Keynotes

Quantum Computing and TelCo Security (May 27)


Twenty years ago, Quantum Computing was at best amusing the TelCo security experts. But Quantum Computing has tremendously improved since then and the USA and NIST is accelerating the adoption of Post Quantum Crypto standards as the QC will be a real threat in 5-10 years. Given that the TelCo industry is very slow in its standardization efforts whose standards last many decades, the question what about Quantum Computing attacks against the TelCo crypto seems now quite timely. While the wisdom in 2019 was still that Grover’s attack is the best possible attack and simply doubling the key lengths in Milenage would suffice, our understanding of that misconception has changed.

In this talk we will look at recent quantum attacks against Milenage, the corresponding answers from ETSI on them and also look a bit into the rare PKC usage in the TelCo crypto area. Additionally, we will also provide some PQC answers on such rare PKC usage in the TelCo crypto.


Jean-Pierre Seifert
TU Berlin, Germany

Jean-Pierre Seifert’s chair at the Technical Universität Berlin is a world renowned hardware security research group in the field of contactless optoelectronic chip assessment. For his eminent research achievements, he received in 2018 the Einstein Professorship award. His recognized expertise stems also from his decade long work in the semiconductor research labs of Intel (Portland USA), Infineon Technologies (Munich, Germany), and Samsung Electronics (San Jose, USA). He is affiliated with TU, T-Labs (DT AG’s central R&D department), the Berlin Institute for the Foundations of Learning and Data (BIFOLD), the Berlin Quantum Alliance, and the Einstein Foundation Berlin. Being a mathematically oriented cryptographer and theoretical computer scientist, he has a substantial amount of computational complexity expertise. As single author he has created the field of fault attacks against the public keys of asymmetric cryptography and was the co-inventor of branch prediction attacks. His learning research was seminal for the correct definition of the security of physically unclonable functions (PUF) within the PAC learning framework. With a very early single author publication in the field of factorization via Shor’s quantum algorithm, he paved the way for the overarching research field of reducing the number of qubits in Shor’s famous QC algorithms for the factorization and the discrete logarithm problem via lattice basis reduction instead of the original continued fraction algorithm.

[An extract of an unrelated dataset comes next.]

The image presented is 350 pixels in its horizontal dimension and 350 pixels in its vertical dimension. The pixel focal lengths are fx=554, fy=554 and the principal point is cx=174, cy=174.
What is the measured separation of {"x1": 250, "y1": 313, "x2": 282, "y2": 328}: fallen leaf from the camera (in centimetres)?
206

When Wireless Protocols Meet New Threat Models
(May 28)


This presentation will argue that several past (wireless) protocol attacks were found by creatively thinking about threat models. This will be illustrated by Wi-Fi attacks such as KRACK and FragAttacks. I will then discuss how this can inspire defenders and attackers.

Mathy Vanhoef
KU Leuven University, Belgium

Mathy Vanhoef is an Assistant Professor at KU Leuven University in Belgium. He’s interested in network and software security, where he studies the security of the full network stack, with a focus on Wi-Fi security and applied cryptography. In this area, he tries to bridge the gap between real-world code and theory. He previously discovered the KRACK attack against WPA2 and the Dragonblood attack against WPA3. He also collaborated with the industry to design and standardize two new Wi-Fi defenses. One of these defenses, called beacon protection, will become mandatory in Wi-Fi 7.